Martin Luther King Jr. displays the wrongfulness and irony in, at that time, the current
situation that the black population was subjected to. We were taking the black young men who
had been crippled by our society and sending them eight thousand miles away to guarantee
liberties in Southeast Asia which they had not found in southwest Georgia and East Harlem. In
this quote Martin Luther King Jr. explains that it was simply cruel to take the young black
population from where they live, a place that did not guarantee them equal rights as whites, and
force them to fight for rights they did not posses in America. He brought this example to surface
to show the irony in what was going on and to show the ironic predicament that the black
population was subjected to.
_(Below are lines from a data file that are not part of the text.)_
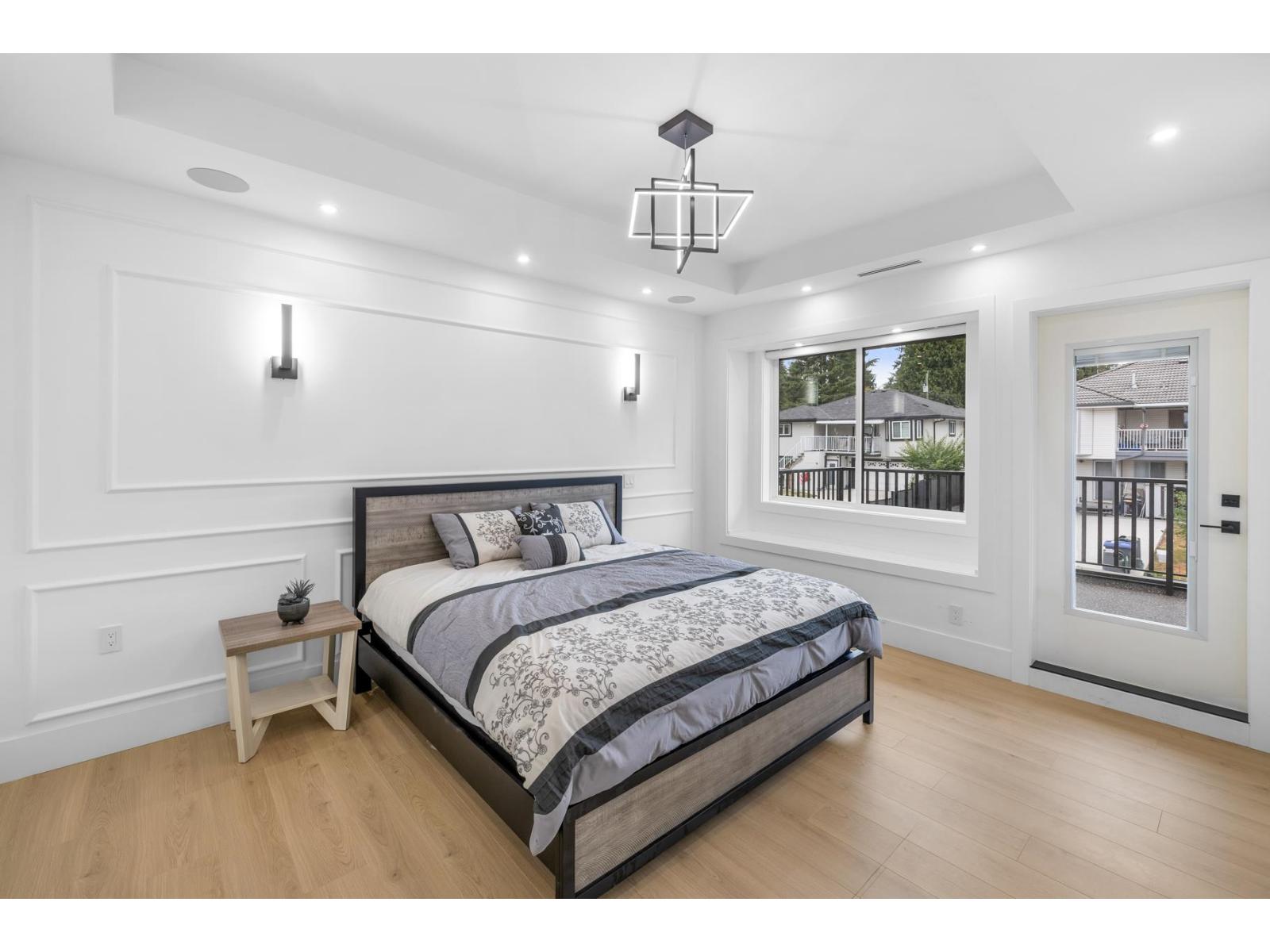 Photo 12 of 14785 68 A Avenue, Surrey BC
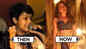Neha Kakkar proves hard work never goes waste, here's an unseen video of hers singing at 'Jagrata'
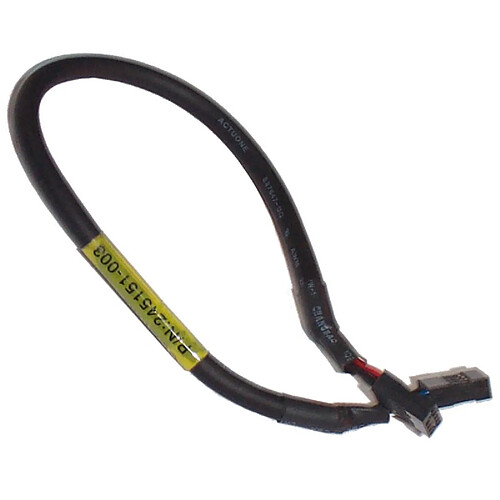 Compaq 245151-003 · Occasion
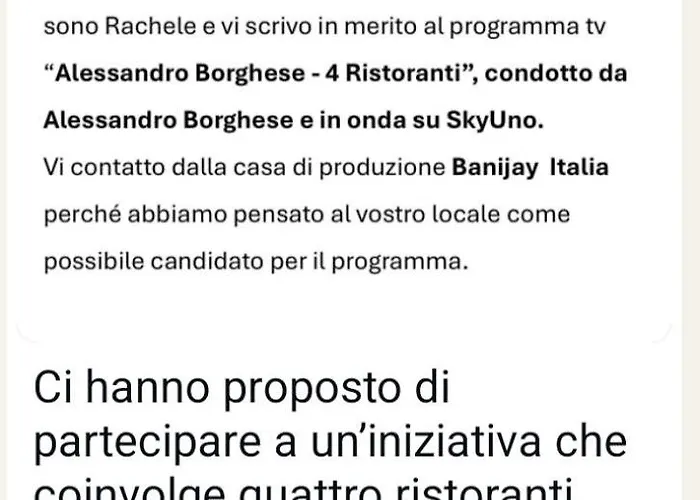 Podere Montecorno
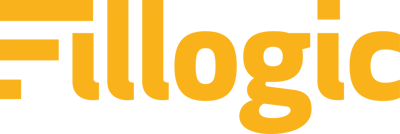 Logo for Fillogic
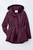 Pack-It Jacket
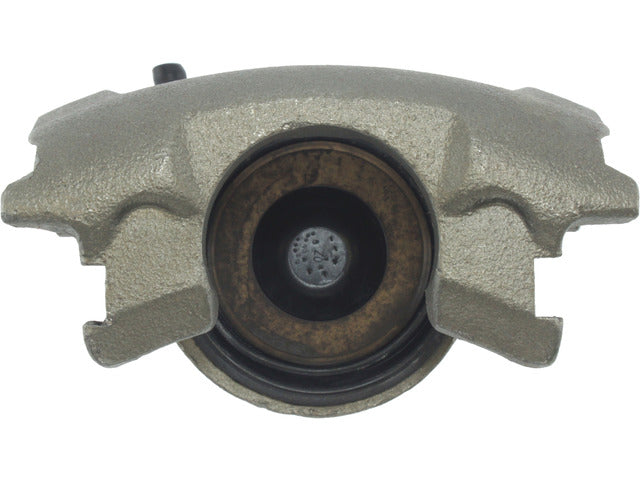 Disc Brake Caliper Centric Parts 141.65012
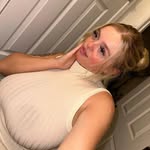 Jess Watkins - @jesswaltkins1 - Instagram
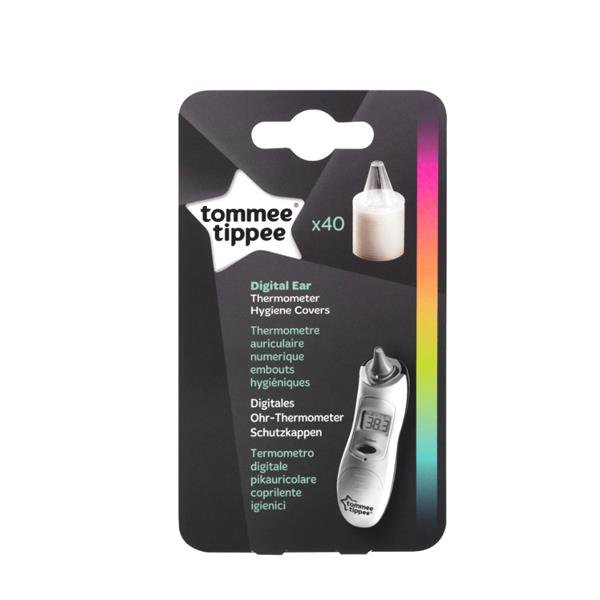 Baby Safety | Tommee Tippee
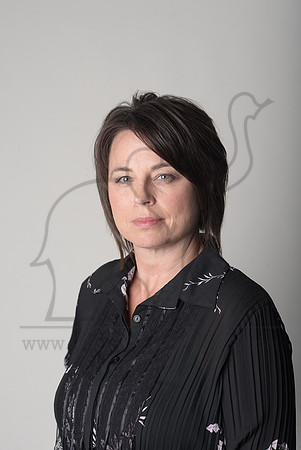 CWRPhotography_BusinessProfiles_Atkinson-8230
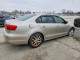 Volkswagen JETTA 2014 — Copart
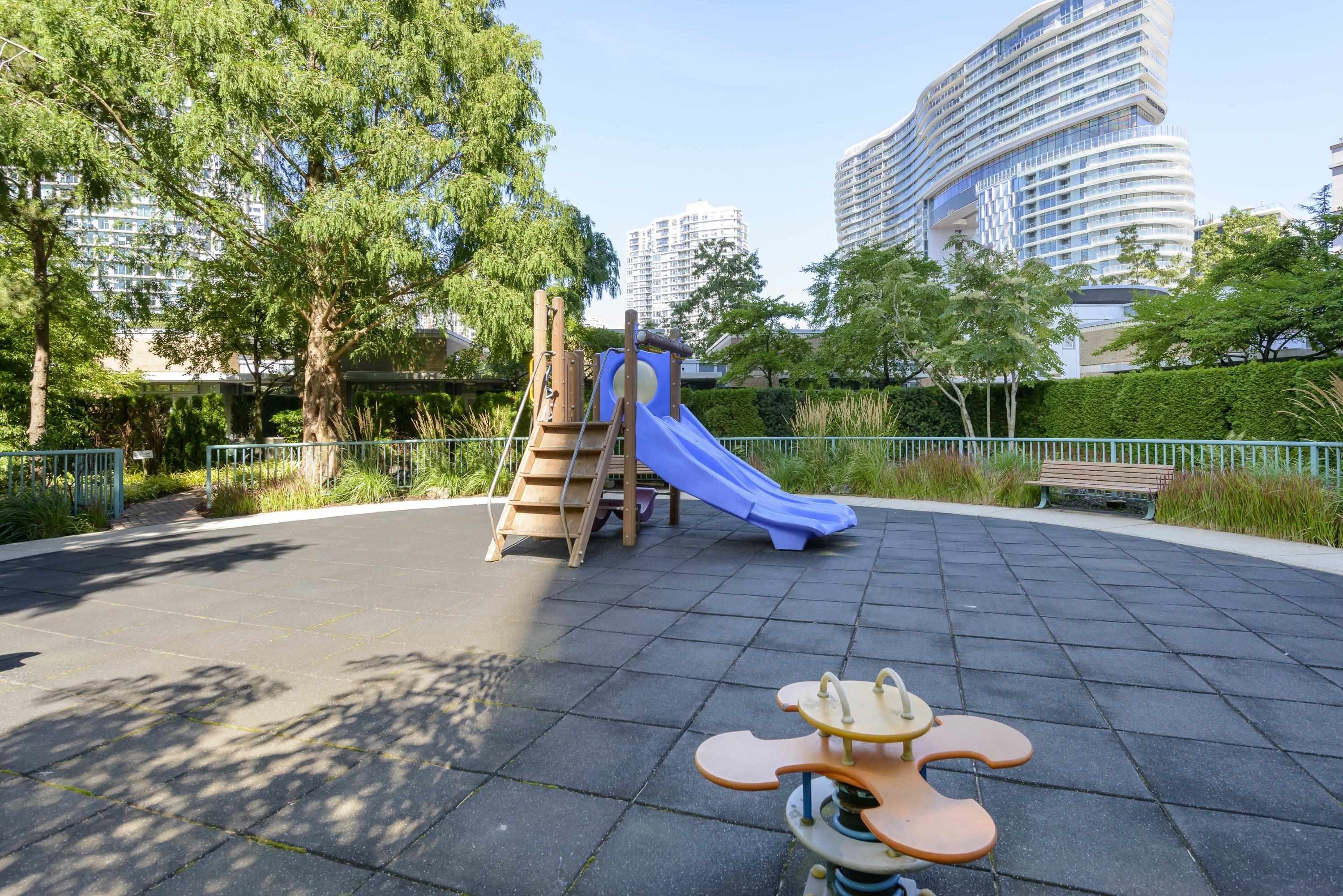 1001 1067 Marinaside Crescent, Vancouver, Yaletown, V6Z 3A4 25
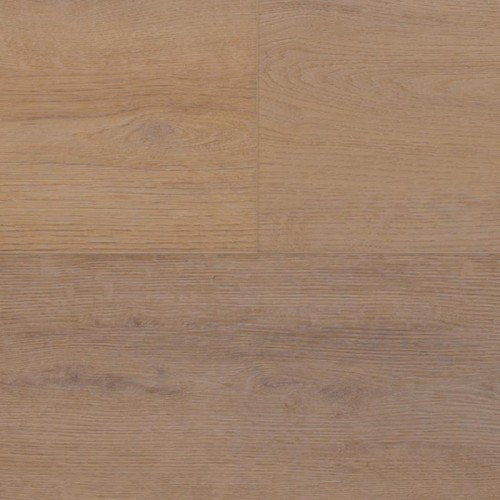 Кварц-виниловая плитка My Step Aqua MSA60 Yantra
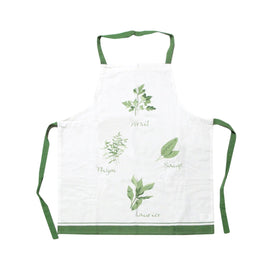 Propert Apron Herb Garden Home & Garden Kings Warehouse 
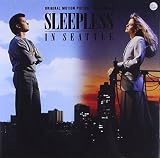 Sleepless In Seattle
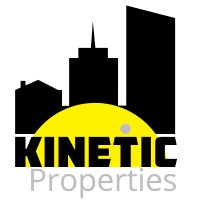 Kinetic Properties, Llc
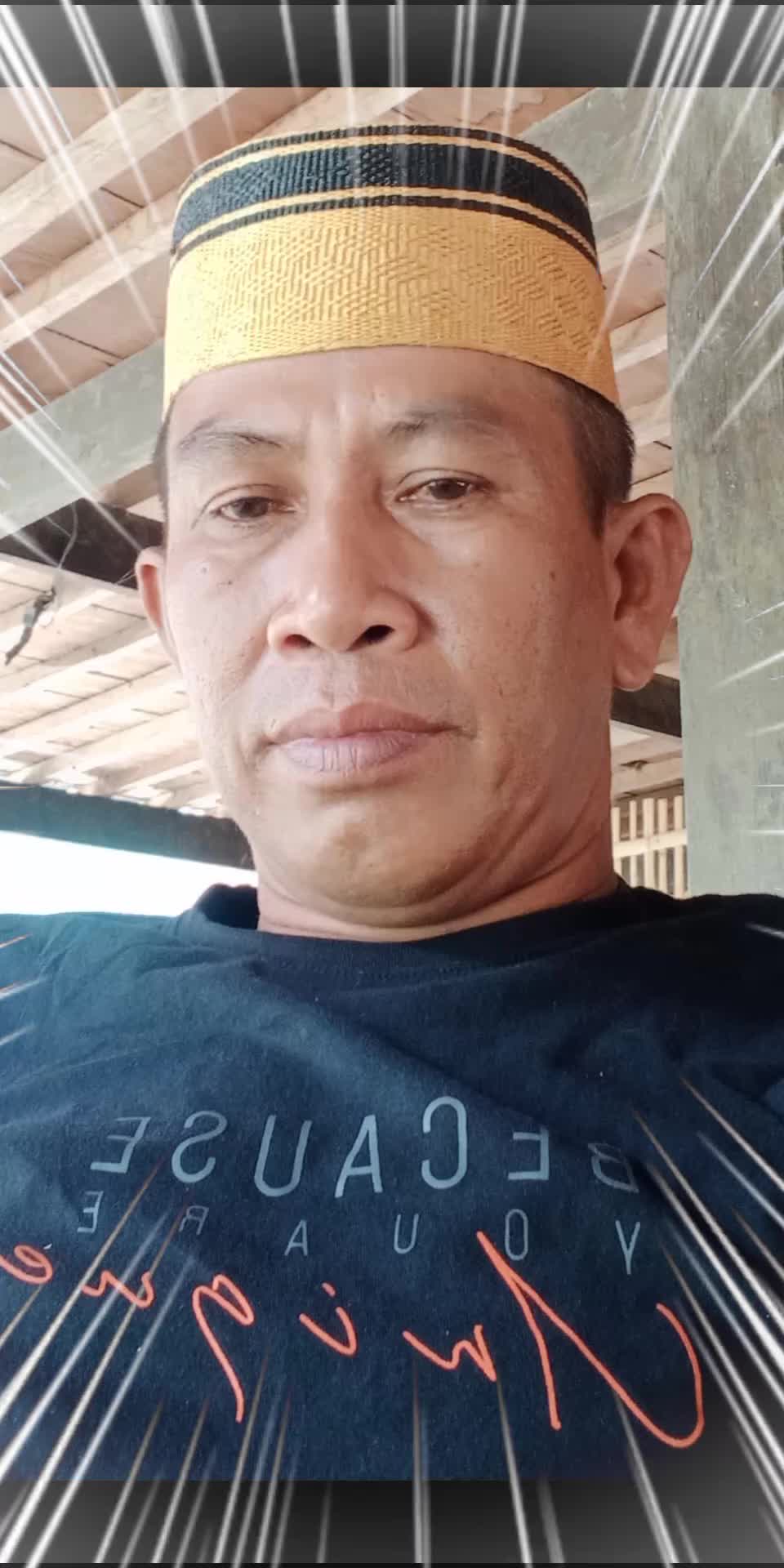 @ismailmail38946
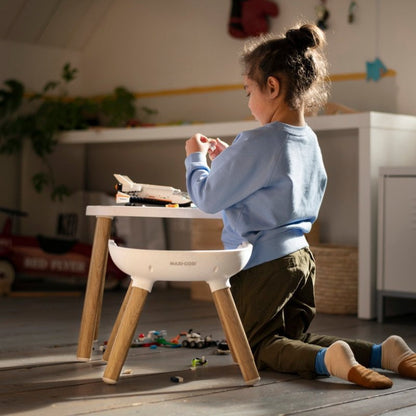 Dorel Juvenile High Chairs and Booster Maxi-Cosi Moa 8-in-1 High Chair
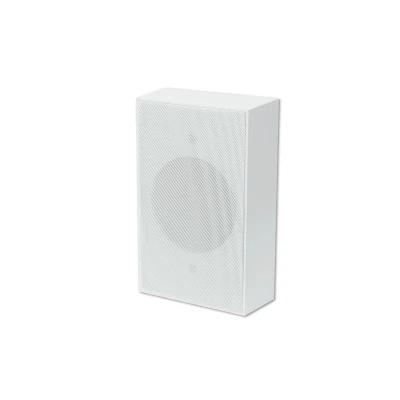 Afbeelding van Omnitronic WC 4 PA muur Speaker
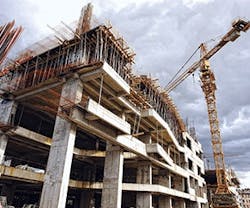 1652368685651 B 0816 Products Cortec 1652368685651 B 0816 Products Cortec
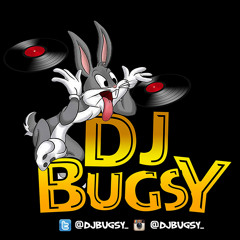 Spring Twerkers - Dj Bugsy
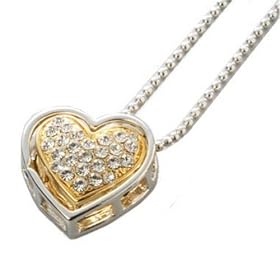 iBUFFALO Arvel �_�u���n�[�g �X�g���b�v���C���X�g�[�� AKS405HEART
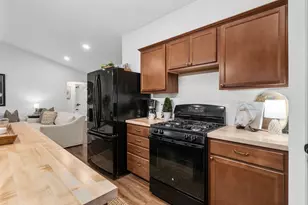 6685 State Rte 37 W, Ostrander, OH 43061 - Photo 15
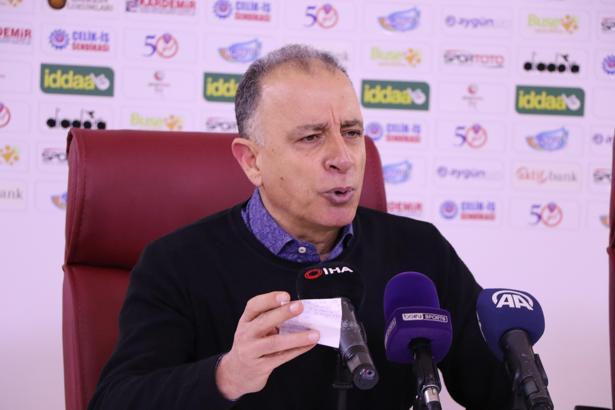 Taner Öncal: Bu çocukların haklarını kimseye helal etmiyorum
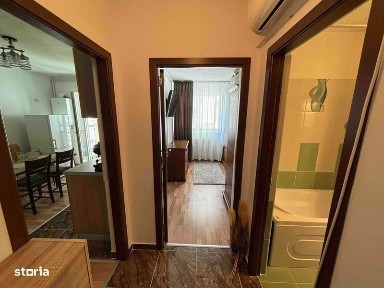 Aparatorii Patriei, Sectorul 4, Bucuresti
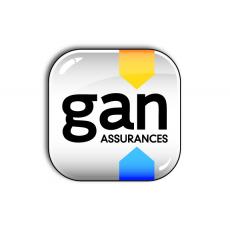 gan_assur_cmjn_fblc.jpg GAN ASSURANCES - CABINET DE ROBERT ET SIMONNET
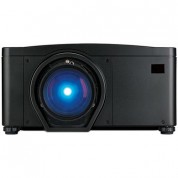 Christie M Series Wu12k-m Wuxga 3dlp Projector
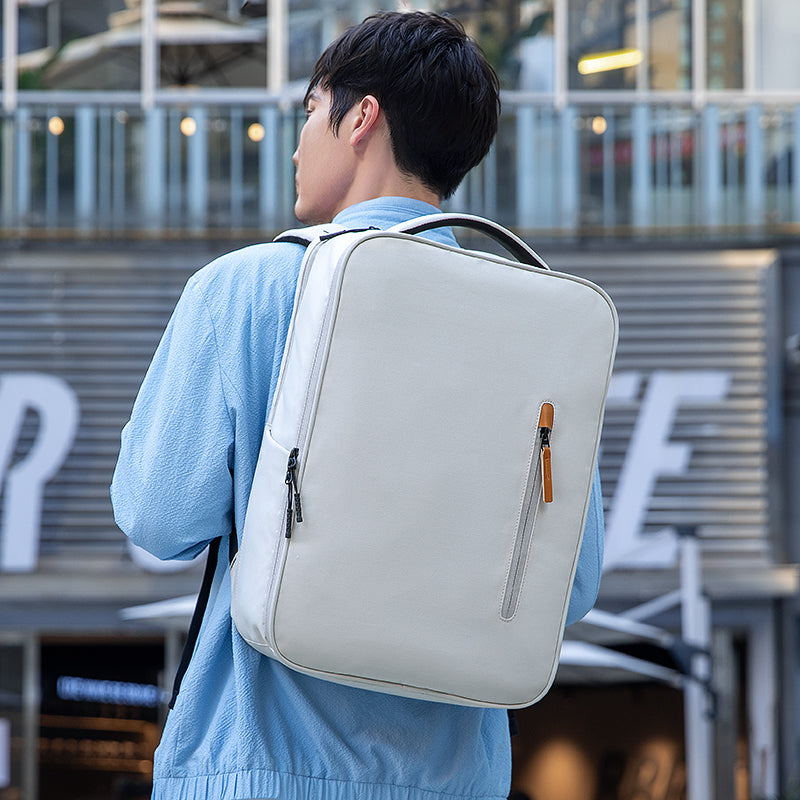 Mark Ryden Travel Shoulder Backpack Short Trip Travel Bag Large Capacity Computer Trip Luggage Bag Mochila Deportiva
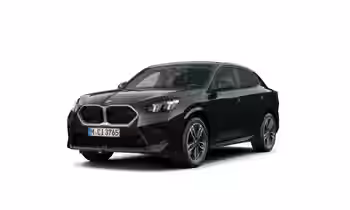 X2 U10 M Sport X2 sDrive 20i 170ch DKG7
Martin Luther King Jr. is attempting to appeal to the audience's
sense of emotion in order to have them come to their own conjecture on the unfairness and irony
of the situation that the black population was in. The argument he is forming is based on how
unjust it was for the blacks to be forced to fight in the Vietnam war; furthermore, how unjust the
American involvement in the Vietnam war was. Martin Luther King Jr. continues to build his
argument based on the moral views of his audience. He uses examples that force his audience to
truly think and comprehend the unjust and morally wrong situation that was forced upon the
blacks. And so we have been repeatedly faced with the cruel irony of watching Negro and white
boys on TV screens as they kill and die together for a nation that has been unable to seat them
together in the same schools. In this quote Martin Luther King Jr. uses a word choice that shows

the oppressive unjust cruelty that was taking place in America at that time. Martin Luther King
Jr. strings together words that appeal to any reasonable and morally sound person's sense of
emotion. His word choice in this quote highlights what he is talking about and the argument he is
forming about the Vietnam war. He explains the cruel irony in the fact that the black and white
men fought and died together, but could not go to the same school together. This example serves
to reinforce his argument, and it also depicts another instance where Martin Luther King Jr. relies
on an appeal to pathos to persuade his audience.
The argument Martin Luther King Jr. is forming is based on logical strings of evidence
and connections that depict the unjust involvement in the Vietnam war.